基于Intel MIC架构的3D有限差分算法优化

有限差分算法是一种基于偏微分方程的数值离散方法,被广泛应用于弹性波传播问题的数值模拟中。该算法访存跨度大、计算密度高、CPU利用率低,这在实际应用中成为了性能瓶颈。针对上述问题,在详析3D有限差分算法(3DFD)的基础上,基于Intel MIC架构,采用三步递进法对其进行优化:首先,通过分支消除、循环展开、不变量外提等基本优化法削减计算强度并为向量化扫除障碍；然后,通过分析数据依赖及循环分块,使用向量指令集改写核心算法等并行优化法,充分利用MIC协处理器多线程、长向量的机制；最后,在异构众核平台(CPU+MIC:Many Integra-ted Cores)下通过数据传输最小化、负载均衡等异构协同优化法实现CPU和MIC的并行计算。

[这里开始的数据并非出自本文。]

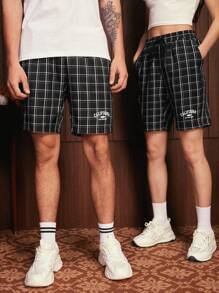 Manfinity VCAY 1pc Plaid Print Drawstring Waist Shorts - Black and White - View 7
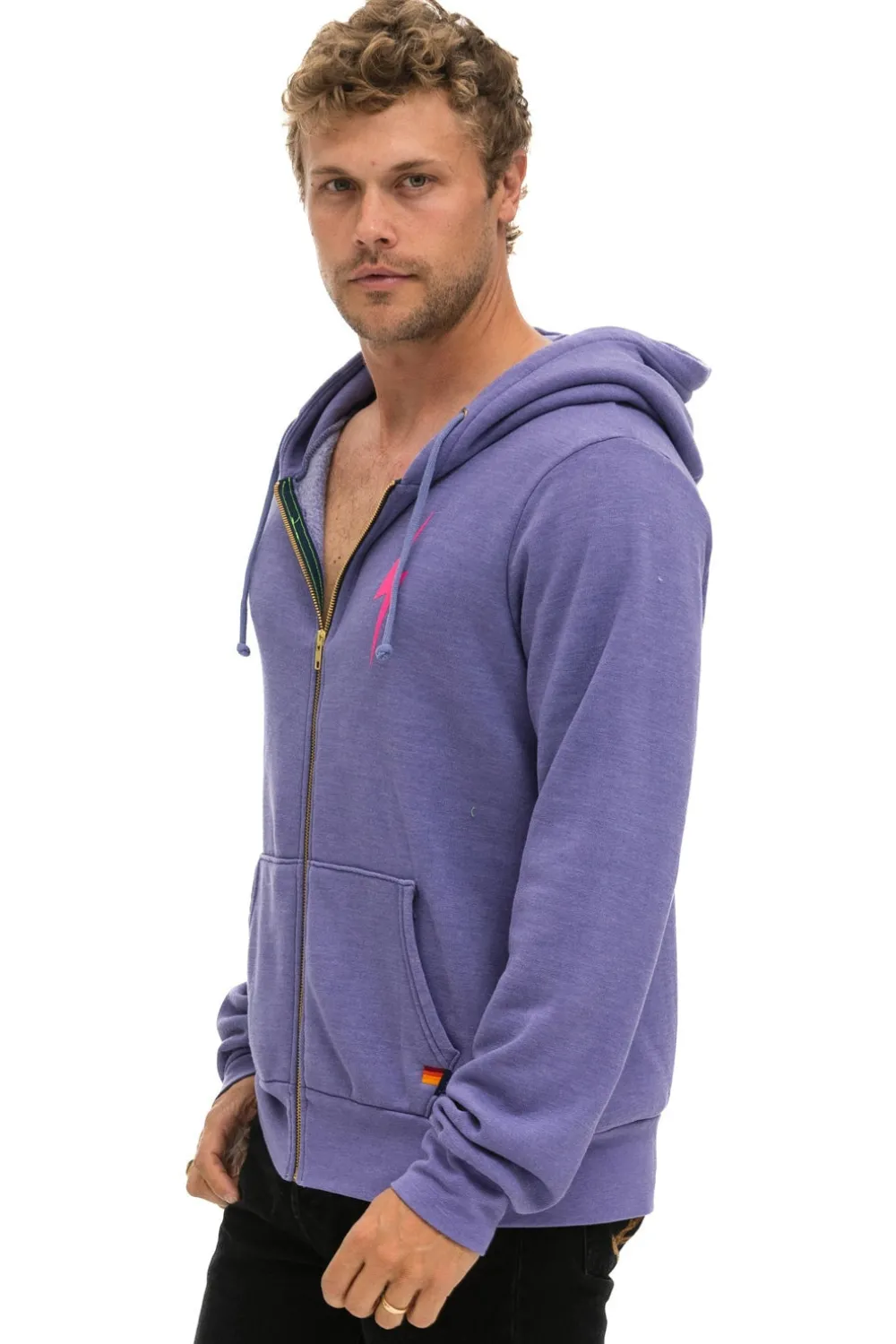 Hoodies | Hoodies | Aviator Nation BOLT 2 HOODIE - LAVENDER // NEON PINK LAVENDER//NEONPINK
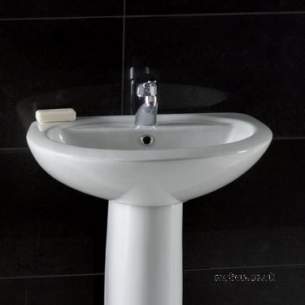 Eastbrook Sanitary Ware -  Loire 450 Basin One Tap Hole White 75.0005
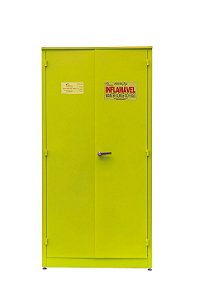 Armário Corta Fogo Standard para Inflamáveis 60 Galões Amarelo 2,0 x 1,0 x 0,45 m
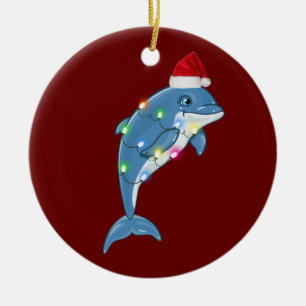Dolfin med Hat Ljus jul Julgransprydnad Keramik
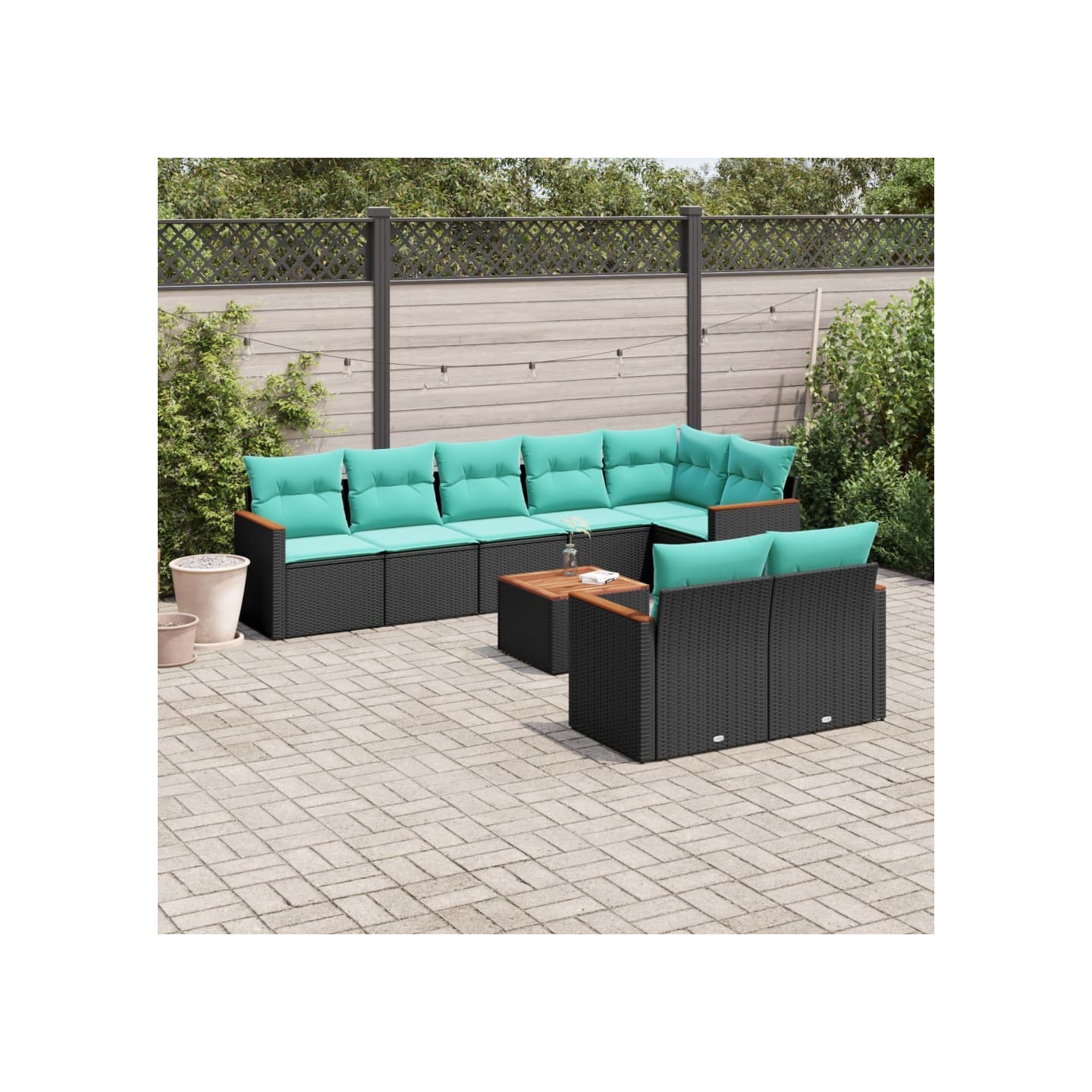 Ensemble de canapé de jardin 9 pcs avec coussins noir résine tressée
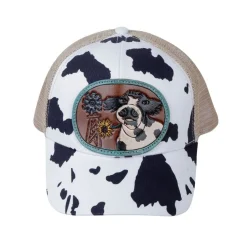 Myra Cow Theme Leather Patch Caps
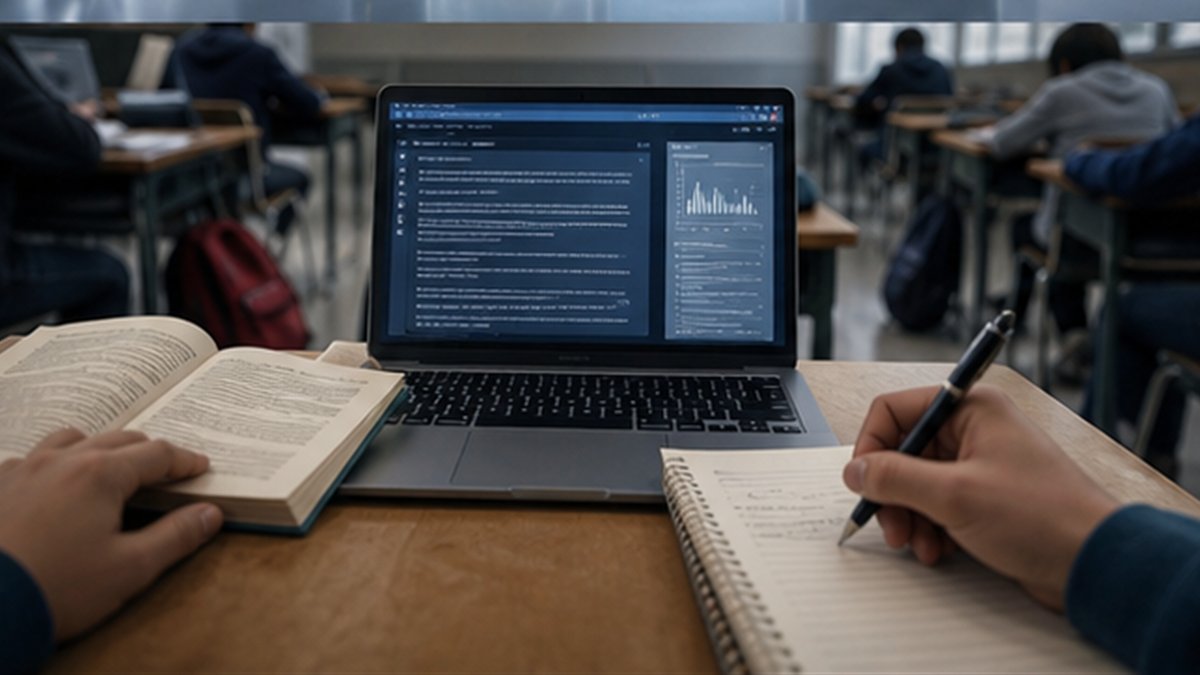 Editorial photograph illustrating: School AI policy should protect learning, not police every sentence.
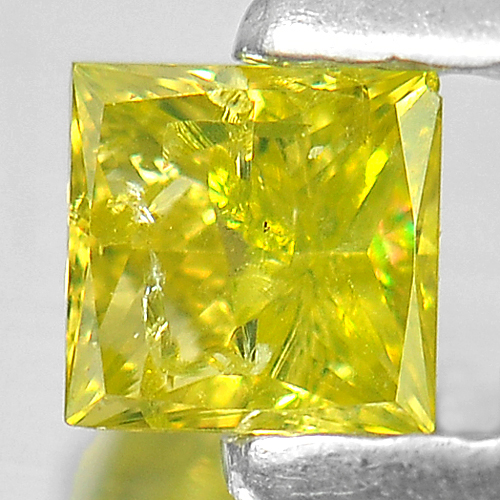 0.16 Ct. Flashing Square Princess Cut Natural Yellow Loose Diamond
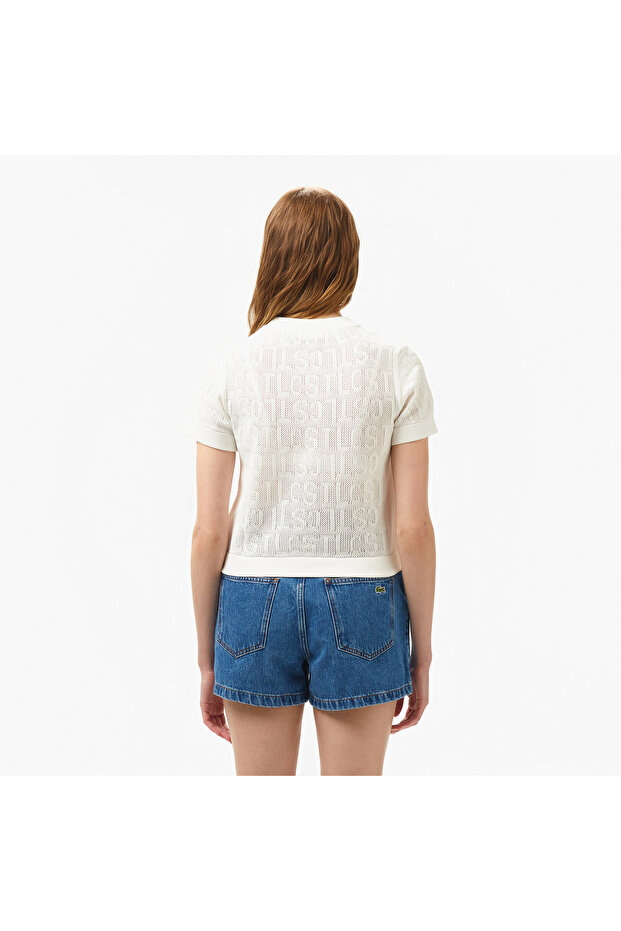 Kadın Kısa Kollu Bisiklet Yaka Desenli Beyaz Triko - 3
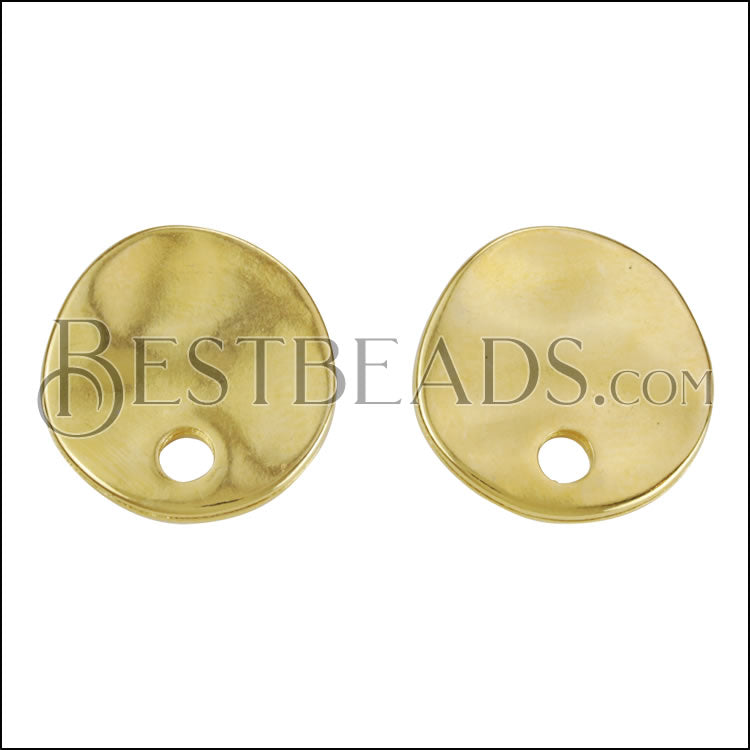 Hammered Circle Post Earring with Hole SHINY GOLD - 10 pcs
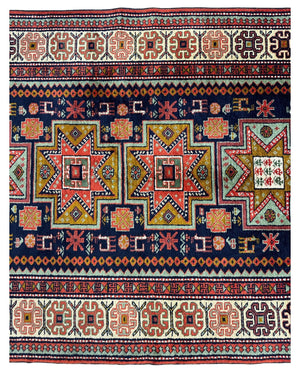 Vintage Armenian Karabakh/Artsakh Wool Rug | 1960s Hand-Knotted 4x7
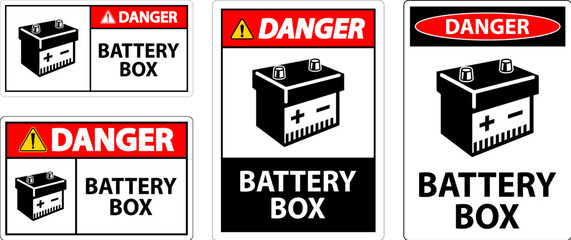 Danger Battery Box with Icon Sign On White Background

实验验证,与原有算法相比,优化后的算法在异构平台上获得了50～120倍的加速。

Optimization of 3D Finite Difference Algorithm on Intel MIC

Finite difference algorithm is a numerical discrete method based on the partial differential equation which is widely applied in elastic wave propagation simulation.Because of the high computation density,long distance memory access pattern and low CPU utilization,it becomes the performance bottleneck in practical applications.Aiming at solving above problems,this paper deliberated the key points of 3D finite difference(3DFD) algorithm and then proposed the three-step progressive method to optimize 3DFD algorithm based on Intel MIC.Firstly,the basic optimization methods,such as branch elimination,loop unroll,and invariant extraction,were proposed to reduce calculation strength and remove the obstacle of SIMD(Single Instruction Multiple Data).Secondly,by leveraging the parallel optimization methods such as data dependence analysis,loop tiling,and intrinsic SIMD instructions,it took full advantage of the mechanism of MIC coprocessor with multithreads and long vector.At last,the heterogeneous cooperative optimization methods,such as data transformation minimization and load balancing,were applied to the platform of CPU+MIC(Many Integrated Cores) which parallelizes the algorithm execution in both CPU and MIC.Experimental results show that the optimized 3DFD algorithm gains 50~120 speedup compared with original algorithm.